How to complete this task: Please set down the entries below once more, exactly.

Dataset excerpts:

┌────────

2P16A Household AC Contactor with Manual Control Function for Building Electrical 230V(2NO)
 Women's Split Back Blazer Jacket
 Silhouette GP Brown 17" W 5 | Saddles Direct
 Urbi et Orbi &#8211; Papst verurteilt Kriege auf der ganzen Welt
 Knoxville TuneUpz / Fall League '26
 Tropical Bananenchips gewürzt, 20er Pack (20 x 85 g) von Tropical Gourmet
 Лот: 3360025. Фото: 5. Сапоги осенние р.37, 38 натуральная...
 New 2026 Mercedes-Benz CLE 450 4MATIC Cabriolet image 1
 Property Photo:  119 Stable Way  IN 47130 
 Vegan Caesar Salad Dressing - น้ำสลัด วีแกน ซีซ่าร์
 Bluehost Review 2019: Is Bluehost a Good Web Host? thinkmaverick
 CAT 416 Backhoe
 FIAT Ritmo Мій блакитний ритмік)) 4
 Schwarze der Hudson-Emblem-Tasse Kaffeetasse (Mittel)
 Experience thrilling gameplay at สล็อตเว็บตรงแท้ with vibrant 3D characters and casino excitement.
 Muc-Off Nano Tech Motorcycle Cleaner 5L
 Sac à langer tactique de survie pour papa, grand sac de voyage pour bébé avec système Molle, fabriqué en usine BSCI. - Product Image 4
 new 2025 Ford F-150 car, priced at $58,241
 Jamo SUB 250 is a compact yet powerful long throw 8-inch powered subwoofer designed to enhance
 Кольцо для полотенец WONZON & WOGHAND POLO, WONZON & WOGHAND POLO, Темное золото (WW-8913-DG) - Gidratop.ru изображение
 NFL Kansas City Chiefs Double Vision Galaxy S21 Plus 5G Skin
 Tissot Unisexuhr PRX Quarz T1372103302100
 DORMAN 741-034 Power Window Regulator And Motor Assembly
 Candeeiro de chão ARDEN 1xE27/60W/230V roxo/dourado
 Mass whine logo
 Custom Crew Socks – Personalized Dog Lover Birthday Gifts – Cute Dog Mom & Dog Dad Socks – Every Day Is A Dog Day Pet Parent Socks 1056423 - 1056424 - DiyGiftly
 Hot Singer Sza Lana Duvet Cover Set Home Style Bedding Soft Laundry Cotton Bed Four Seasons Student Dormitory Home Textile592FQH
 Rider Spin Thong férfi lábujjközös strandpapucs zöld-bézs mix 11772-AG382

└────────

Reply to the exercise:
2P16A Household AC Contactor with Manual Control Function for Building Electrical 230V(2NO)
 Women's Split Back Blazer Jacket
 Silhouette GP Brown 17" W 5 | Saddles Direct
 Urbi et Orbi &#8211; Papst verurteilt Kriege auf der ganzen Welt
 Knoxville TuneUpz / Fall League '26
 Tropical Bananenchips gewürzt, 20er Pack (20 x 85 g) von Tropical Gourmet
 Лот: 3360025. Фото: 5. Сапоги осенние р.37, 38 натуральная...
 New 2026 Mercedes-Benz CLE 450 4MATIC Cabriolet image 1
 Property Photo:  119 Stable Way  IN 47130 
 Vegan Caesar Salad Dressing - น้ำสลัด วีแกน ซีซ่าร์
 Bluehost Review 2019: Is Bluehost a Good Web Host? thinkmaverick
 CAT 416 Backhoe
 FIAT Ritmo Мій блакитний ритмік)) 4
 Schwarze der Hudson-Emblem-Tasse Kaffeetasse (Mittel)
 Experience thrilling gameplay at สล็อตเว็บตรงแท้ with vibrant 3D characters and casino excitement.
 Muc-Off Nano Tech Motorcycle Cleaner 5L
 Sac à langer tactique de survie pour papa, grand sac de voyage pour bébé avec système Molle, fabriqué en usine BSCI. - Product Image 4
 new 2025 Ford F-150 car, priced at $58,241
 Jamo SUB 250 is a compact yet powerful long throw 8-inch powered subwoofer designed to enhance
 Кольцо для полотенец WONZON & WOGHAND POLO, WONZON & WOGHAND POLO, Темное золото (WW-8913-DG) - Gidratop.ru изображение
 NFL Kansas City Chiefs Double Vision Galaxy S21 Plus 5G Skin
 Tissot Unisexuhr PRX Quarz T1372103302100
 DORMAN 741-034 Power Window Regulator And Motor Assembly
 Candeeiro de chão ARDEN 1xE27/60W/230V roxo/dourado
 Mass whine logo
 Custom Crew Socks – Personalized Dog Lover Birthday Gifts – Cute Dog Mom & Dog Dad Socks – Every Day Is A Dog Day Pet Parent Socks 1056423 - 1056424 - DiyGiftly
 Hot Singer Sza Lana Duvet Cover Set Home Style Bedding Soft Laundry Cotton Bed Four Seasons Student Dormitory Home Textile592FQH
 Rider Spin Thong férfi lábujjközös strandpapucs zöld-bézs mix 11772-AG382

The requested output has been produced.